After each epoch, the model is evaluated on the validation dataset to track performance. The model’s predictions are compared to the true labels in the validation set to calculate metrics such as the F1 score.

Throughout the training and evaluation process, relevant metrics (loss and accuracy) are logged to WandB to visualize the model’s performance.


Results

Results of base and stylometric model with augmented data

As shown in the figures, the stylometric model performed better than the base model with the augmented data.

ModelValidation LossValidation F1 ScoreTest F1 Score
Base Model0.32350.88450.63627
Stylometric Model0.21930.93500.64467

The results of the testing suggest that the BERT model with the stylometric features performed better than the base BERT model.

Error analysis

During the validation phase, classification errors were collected. Among 5,640 validation tokens, the model misclassified 448 tokens. The number of false negatives in the misclassified items was 335 (74.78%), and the number of false positives in the misclassified items was 113 (25.22%) The result of the false negative and the false positive ratio suggests that the model tends to miss tokens from the positive class (two spans written by the same author) more often than incorrectly classifying tokens from the negative class (two spans written by different authors). This indicates that the model may not be sensitive enough to correctly identify the similarities between spans that are written by the same author.

In addition to analyzing the ratio of false negative and false positive, an analysis of the distribution of stylometric features such as the average word length and the average span length was conducted.

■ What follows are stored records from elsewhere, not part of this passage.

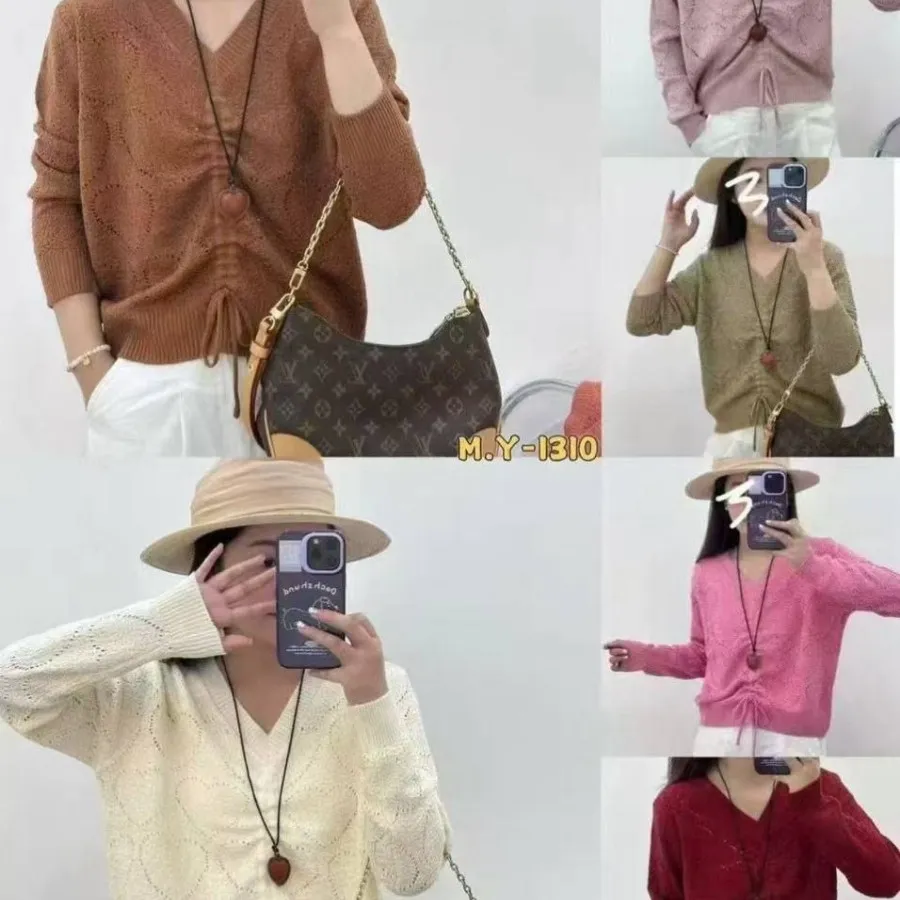 بتفت پارچه سوزنی گرم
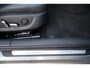 Audi A6 Avant 2.0 TFSI QUATTRO 252PK Lease Edition NL-auto NAP I 18" I Pano I Bose I Keyless I Leer I Schuifdak I Memory I PDC I Winterpakket I Navi I Led I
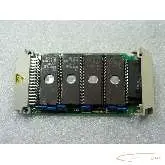  Servomoteur Siemens Simadyn 6DD1610-0AG0 Speichermodul 18069-B87C Images sur Industry-Pilot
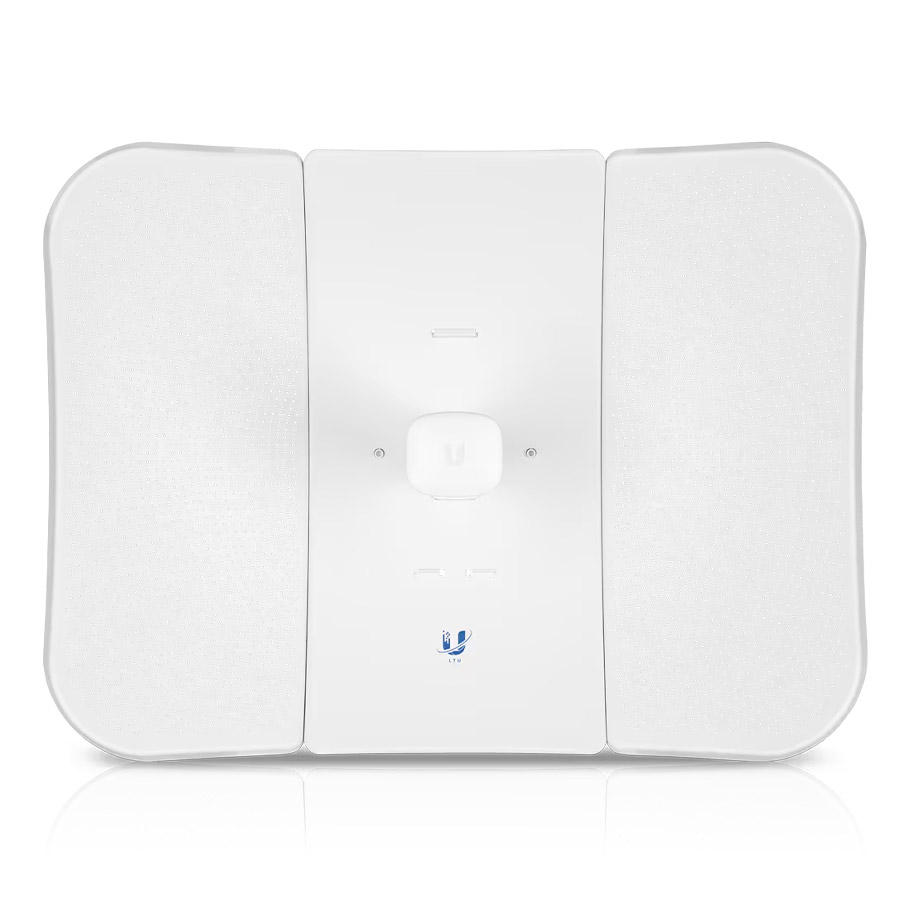 UBNT LTU-LR 5Ghz 900+ Mbps 30+Km  Outdoor Acces Point - LTU-LR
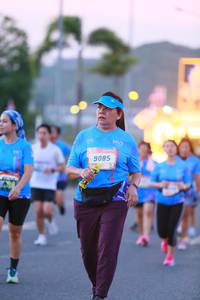 BIB: 9085
                            <button type="button" onclick="openModal(3496760)" class="btn btn-primary btn-sm float-right btn-popup" data-toggle="modal" data-target=".modal-high-quality">
                        <i class="fas fa-shopping-cart"></i> Add to Cart
                    </button>
                                            <button type="button" onclick="isThisMe(3496760, true)" class="btn btn-success btn-sm float-right btn-popup btn-isme hidden" data-toggle="tooltip" data-placement="bottom" title="นี่คือรูปของคุณใช่ไหม คลิกที่นี่เพื่อเอาเข้าอัลบั้ม">
                        <i class="fas fa-plus"></i> Add to album
                    </button>
                    <button type="button" onclick="isThisMe(3496760, false)" class="btn btn-warning btn-sm float-right btn-popup btn-isnotme hidden">
                        <i class="fas fa-ban"></i> Remove from album
                    </button>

The density plots for both the average word length and average span length revealed patterns in the distribution of stylometric features among false positives (FP) and false negatives (FN). For average word length, the density plots show a similar trend. Among false positives, the distribution of avg_word_len1 and avg_word_len2 closely overlap with a peak around 4, indicating consistency in word length for spans misclassified as written by different authors. However, the false negatives showed slightly broader distributions, suggesting that the model has difficulty distinguishing between spans with little variation in word length when spans are written by the same author.
For average span length, the plots for false positive show a huge overlap between avg_span_len1 and avg_span_len2 with a sharp peak indicating that most misclassified spans in this category are relatively short. This suggests that spans classified as false positives have similar lengths regardless of whether they belong to span1 or span2. For false negatives, the distributions also overlap but have slightly more variability. This indicates that the model struggles to consistently identify spans of varying length when they are written by the same author.

Based on the analyses, both stylometric features may not differentiate between spans written by the same or different authors.

Reproducibility

Details of the methods and requirements are listed in the README.md on this Github

Future Improvements

The current project examined whether stylometric features such as average word length, average span length, and frequency of punctuation could help a model which classifies whether given two spans are written by the same author or not. The error analysis suggested that these stylometric features show overlap between each span’s distribution, indicating that these features may not increase the performance of the model significantly. As reported in the article, the model which incorporated stylometric features only showed a 2.7% increase in F1 score.